Over 90 killed in Syria massacre, activists say
Syrian National Council calls on UN Security Council to hold emergency meeting after artillery barrage kills dozens of children in town of Houla.
A Syrian artillery barrage killed more than 90 people, including dozens of children, in the worst violence since the start of a UN peace plan to staunch the flow of blood from Syria's uprising, activists said on Saturday.
The bloodied bodies of children, some with their skulls rent by shrapnel, were shown lying in a room to the sound of wailing in footage posted to YouTube which purported to show the victims of the shelling in the central town of Houla on Friday.
The reports of the carnage, which could not be confirmed independently, underlined how far Syria is from any negotiated path out the 14-month-old revolt against President Bashar Assad.
A UK-based opposition group, the Syrian Observatory for Human Rights, said residents of the town were fleeing in fear of more shelling.
Syrian state television aired some of the same footage disseminated by activists, calling the bodies victims of a massacre committed by "terrorist" gangs, without elaborating.
A member of the fragmented group that says it speaks for Syria's political opposition said Assad's forces had killed "entire families" in Houla in addition to the shelling.
"The Syrian National Council (SNC) urges the UN Security Council to call for an emergency meeting... and to determine the responsibility of the United Nations in the face of such mass killings," SNC spokeswoman Bassma Kodmani said.
Opposition activists said Syrian forces opened fire with artillery after skirmishing with insurgents in Houla, a cluster of villages north of the city of Homs, itself battered by shelling.
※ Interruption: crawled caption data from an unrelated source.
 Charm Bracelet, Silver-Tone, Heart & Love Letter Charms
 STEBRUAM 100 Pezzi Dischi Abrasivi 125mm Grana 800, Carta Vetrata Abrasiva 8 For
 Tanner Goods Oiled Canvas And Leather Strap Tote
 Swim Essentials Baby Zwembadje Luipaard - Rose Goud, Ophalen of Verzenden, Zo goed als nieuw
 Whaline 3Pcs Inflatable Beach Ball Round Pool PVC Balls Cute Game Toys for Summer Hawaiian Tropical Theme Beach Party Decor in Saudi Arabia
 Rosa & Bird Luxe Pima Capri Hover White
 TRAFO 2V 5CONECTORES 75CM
Syria calls the revolt a "terrorist" conspiracy run from abroad, in a veiled reference to Sunni Muslim Gulf powers which call for arming an insurgency led by Syria's majority Sunnis against Assad, a member of the minority Alawite sect.
A six-week old ceasefire plan has failed to stop the violence in Syria, although the United Nations is nearing full deployment of a 300-member unarmed observer force meant to monitor a truce.
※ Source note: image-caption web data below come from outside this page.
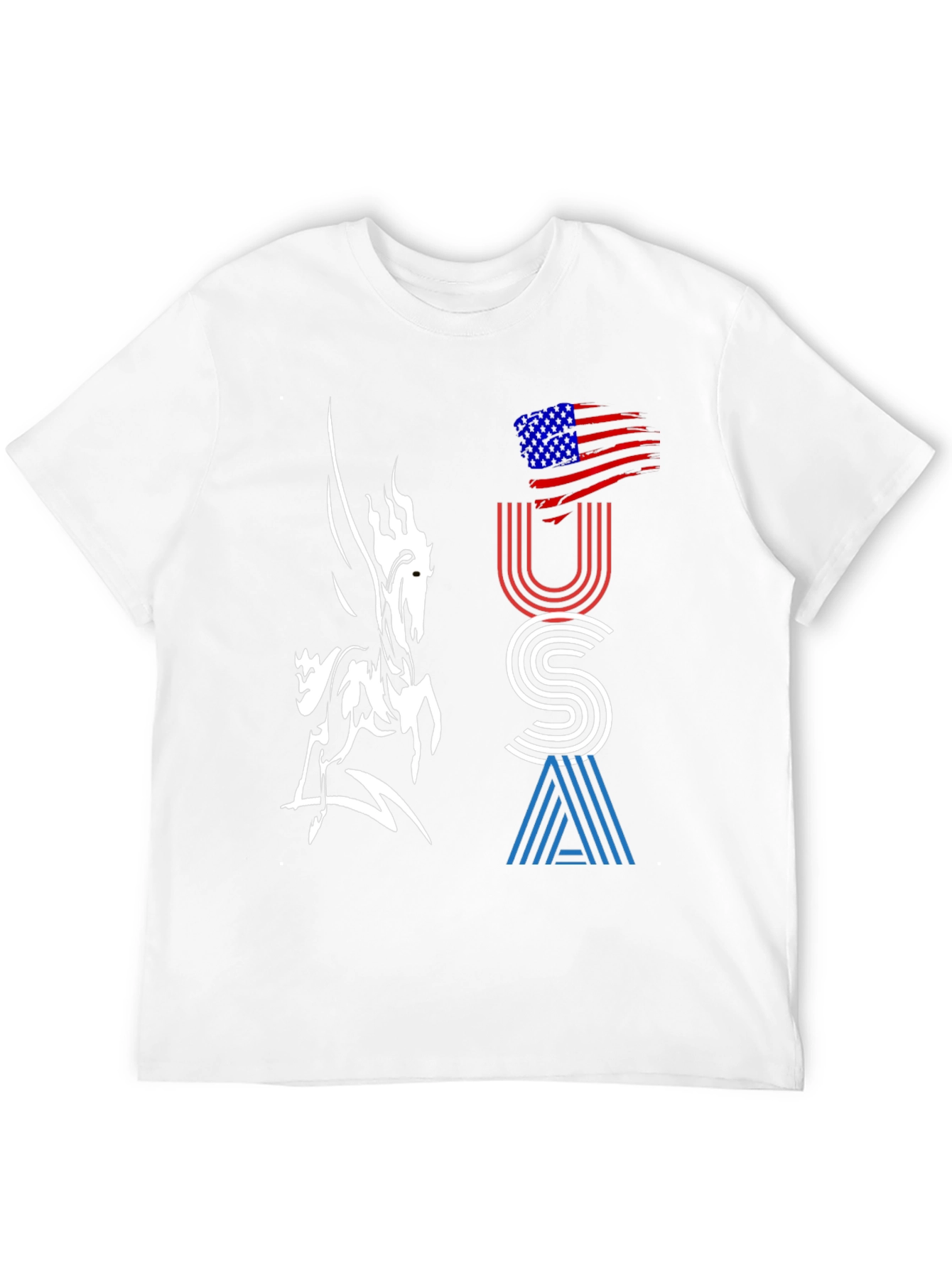 USA Graphic Tee - Pegasus Design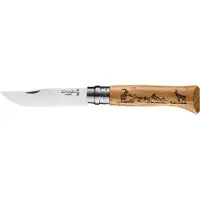 Opinel Pocket Knife No. 08 Animalia Coltelli bianco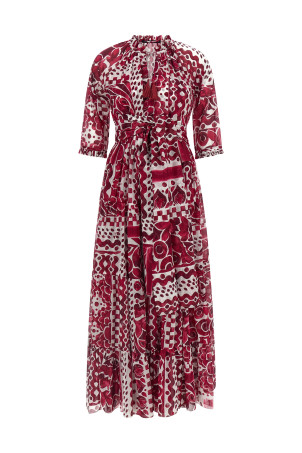 'Eden' dress Fuchsia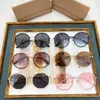 2023 Neue bonbonfarbene, künstlerische, runde Sonnenbrille für Damen, vielseitige Sonnenbrille B 3217D des neuen Luxusdesigners Family B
The United Nations said on Friday that recent bomb attacks may have been the work of "established terrorist groups" and urged states not to supply arms to either the government or rebel forces.
"Those who may contemplate supporting any side with weapons, military training or other military assistance, must reconsider such options to enable a sustained cessation of violence," UN Secretary-General Ban Ki-moon told the Security Council in a letter on Friday.
The United Nations has accused Assad's forces and insurgents alike of grave human rights abuses, including summary executions and torture.
Ban has also expressed fear that Syria's conflict will destabilize neighboring Lebanon, whose delicate sect-based politics has been shaken by tensions among Lebanese foes and friends of the uprising in Syria.
In the latest episode, gunmen in northern Syria snatched a group of Lebanese Shi'ites this week as they were returning from a religious pilgrimage, sparking the worst unrest in years in the Lebanese capital.
Uncertainty over their fate increased tension in Beirut on Saturday, a day after Lebanon's top officials said the release of the hostages and their return home was imminent.
The prime minister said on Friday afternoon they had been freed, but hours later there was still no sign of them. A member of the SNC said they were still in captivity, further riling a crowd which had gathered at Beirut's airport to meet them.